WHAT YOU SHOULD DO:
Copy the lines below as they are; omit the images they contain.

*** Opening of DATA SHOWN ***

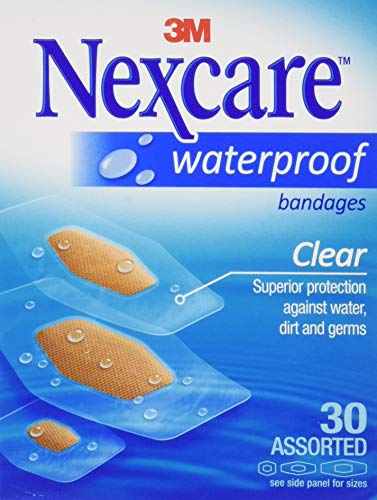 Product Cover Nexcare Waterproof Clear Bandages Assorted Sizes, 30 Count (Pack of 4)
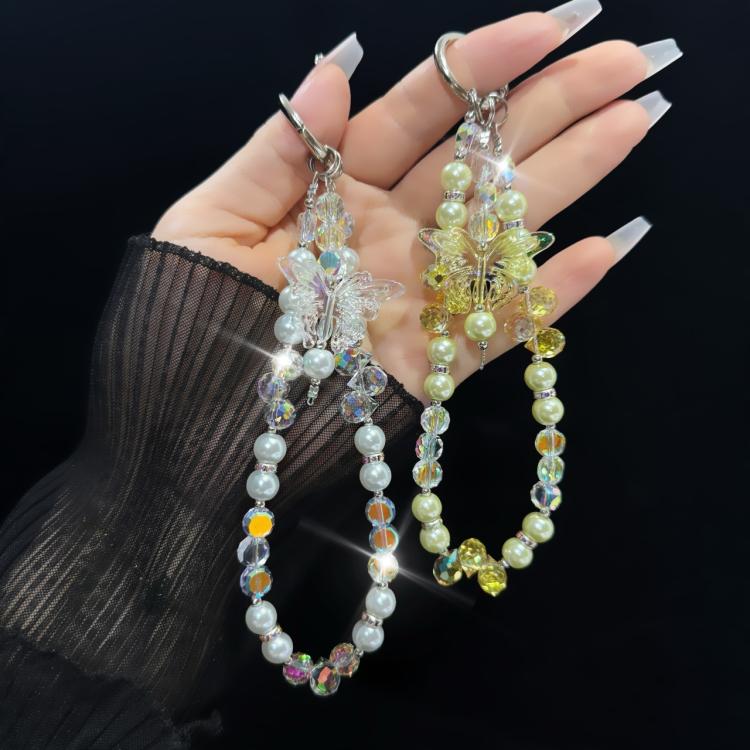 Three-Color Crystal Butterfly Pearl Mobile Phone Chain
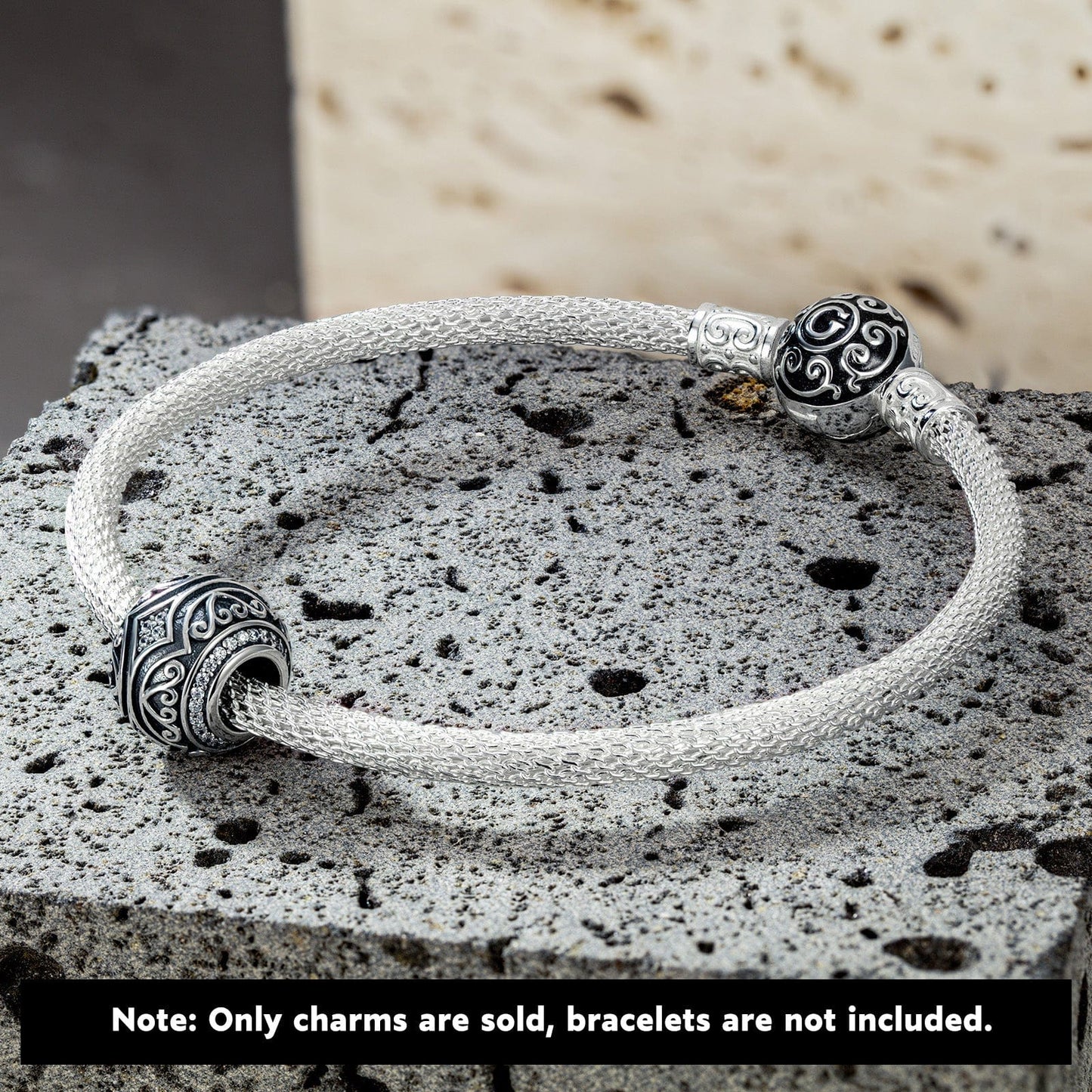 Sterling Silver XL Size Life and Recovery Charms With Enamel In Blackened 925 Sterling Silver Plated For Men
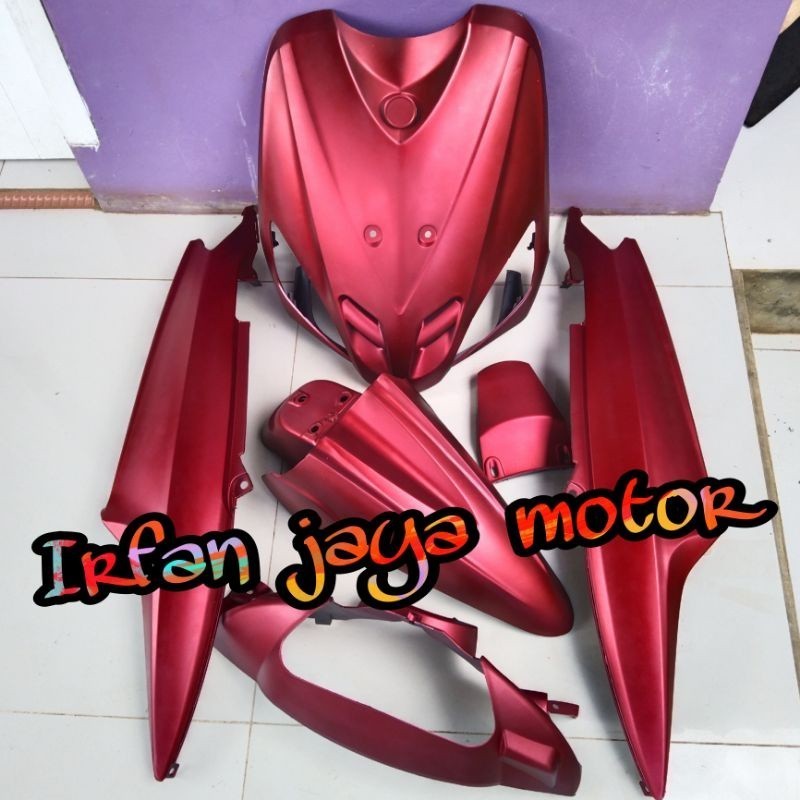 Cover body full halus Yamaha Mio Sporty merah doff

*** Close of DATA SHOWN ***

OUTPUT OF THE EXERCISE:
 Product Cover Nexcare Waterproof Clear Bandages Assorted Sizes, 30 Count (Pack of 4)
 Three-Color Crystal Butterfly Pearl Mobile Phone Chain
 Sterling Silver XL Size Life and Recovery Charms With Enamel In Blackened 925 Sterling Silver Plated For Men
 Cover body full halus Yamaha Mio Sporty merah doff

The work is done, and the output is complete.